That means the rule-breakers are doing better than the rule-followers. What gives?
That means the rule-breakers are doing better than the rule-followers. What gives?
One theory is that TDF-plus investors save more, because they're simply more engaged with their 401(k)s. To take the TDF-and-then-some approach, you'd have to log in and actively change your 401(k) investment picks. And if you're the type of person who chooses to adjust their investments away from the default settings, maybe you're also the kind of person who will increase your contribution rate.
On the other hand, 401(k) savers who stick with their default TDF investment -- and their default contribution rates -- probably end up saving less.
However, the evidence seems to show that with appropriate education and guidance, participants can potentially have success with a "TDF-plus" approach to asset allocation.

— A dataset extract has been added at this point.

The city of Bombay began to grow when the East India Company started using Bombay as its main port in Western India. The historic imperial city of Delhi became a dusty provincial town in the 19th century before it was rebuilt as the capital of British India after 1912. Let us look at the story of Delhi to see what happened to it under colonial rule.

-- State of the Participant 2021, John Hancock
The takeaway here is twofold. One, you can follow a TDF-plus strategy as long as you are comfortable with how it affects your risk and growth prospects -- in good and bad market climates. If you're not sure about that, stick with the TDF as your sole position.
Two -- and this one is more important -- be an active manager of your 401(k) to raise your retirement readiness. Budget and then set your contribution rate as high as you can afford. Watch your investment results. Look to understand the positions within your TDF, how they contribute to performance, and how the fund's allocations change over time.